I was listening to a report on NPR’s “Morning Edition” the other day when I heard an exchange that was both amusing and thought-provoking. The report, by national correspondent Tovia Smith, was about the growing number of schools that are trying to instill “grit” — perseverance in the face of adversity — in their students. Smith focused on one such school:

“Tom Hoerr leads the New City School, a private elementary school in St. Louis, MO, that has been working on grit. ‘One of the sayings that you hear around here a great deal is, “If our kids have graduated from here with nothing but success, then we have failed them, because they haven’t learned how to respond to frustration and failure,”‘ says Hoerr.

After years of focusing on the theory known as “multiple intelligences” and trying to teach kids in their own style, Hoerr says he’s now pulling kids out of their comfort zones intentionally.

“The message is that life isn’t always easy,” Hoerr says. His goal is to make sure “that no matter how talented [students are], they hit the wall, so they can learn to pick themselves up, hit the wall again and pick themselves up again, and ultimately persevere and succeed.”

“It is a major adjustment for everyone.”

Part of the adjustment involved seems to be the whiplash associated with following one set of educational trends (“multiple intelligences” and “learning styles”), then shifting gears to follow another set (“grit” and the “growth mindset”).

Grit, an idea developed by Penn professor Angela Duckworth, and the growth mindset, a concept researched by Stanford professor Carol Dweck, have more empirical support than the appealing-sounding but unproven theories of multiple intelligences and learning styles.

But even putting the question of educational trends aside, the experience of principal Tom Hoerr as documented in the NPR segment brings up a question that parents and teachers wrestle with all the time: Should we be making learning easier for kids — or harder?

The answer, according to research in cognitive science and psychology, is both.

First, let’s think about how and why we might make learning easier.
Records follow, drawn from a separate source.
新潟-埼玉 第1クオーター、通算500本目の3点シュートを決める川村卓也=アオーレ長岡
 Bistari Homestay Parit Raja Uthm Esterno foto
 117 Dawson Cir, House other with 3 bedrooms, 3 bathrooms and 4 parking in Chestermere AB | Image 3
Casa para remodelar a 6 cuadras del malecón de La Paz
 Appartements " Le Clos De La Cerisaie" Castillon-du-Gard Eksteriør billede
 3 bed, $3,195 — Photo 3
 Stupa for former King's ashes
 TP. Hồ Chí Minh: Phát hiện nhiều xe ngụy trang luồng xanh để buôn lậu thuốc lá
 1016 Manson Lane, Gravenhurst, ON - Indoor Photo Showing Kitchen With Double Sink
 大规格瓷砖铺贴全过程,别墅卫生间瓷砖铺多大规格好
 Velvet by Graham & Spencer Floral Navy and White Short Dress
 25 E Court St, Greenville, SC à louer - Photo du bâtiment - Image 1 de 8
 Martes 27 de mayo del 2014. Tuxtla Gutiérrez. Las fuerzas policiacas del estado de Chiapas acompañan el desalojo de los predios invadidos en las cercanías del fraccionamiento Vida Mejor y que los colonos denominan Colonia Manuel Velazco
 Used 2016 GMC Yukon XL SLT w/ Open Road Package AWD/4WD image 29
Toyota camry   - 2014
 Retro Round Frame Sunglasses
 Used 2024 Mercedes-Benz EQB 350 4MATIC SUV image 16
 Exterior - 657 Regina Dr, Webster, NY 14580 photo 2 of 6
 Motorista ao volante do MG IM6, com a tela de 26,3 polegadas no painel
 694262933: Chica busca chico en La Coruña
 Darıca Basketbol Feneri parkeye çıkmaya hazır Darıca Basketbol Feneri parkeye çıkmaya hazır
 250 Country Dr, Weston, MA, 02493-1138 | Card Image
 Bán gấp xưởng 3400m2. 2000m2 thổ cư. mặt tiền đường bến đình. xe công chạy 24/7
This has to do with what psychologists call “cognitive load” — the amount of information we have to keep in mind as we solve a problem. Decades of research has shown that this capacity is quite limited.

Harvard psychologist George Miller famously said that we could keep seven pieces of information in our minds at a time (he called it “the magic number seven”), but he was looking at studies that used numbers or letters or simple symbols. When the pieces of information are more complex, like concepts or facts, the number of them that we can keep in mind goes down, to about four. And if we are actively manipulating or combining those pieces of information, as we do in most kinds of real-life problem-solving, the number of things our minds can hang on to drops even further, to maybe two or three.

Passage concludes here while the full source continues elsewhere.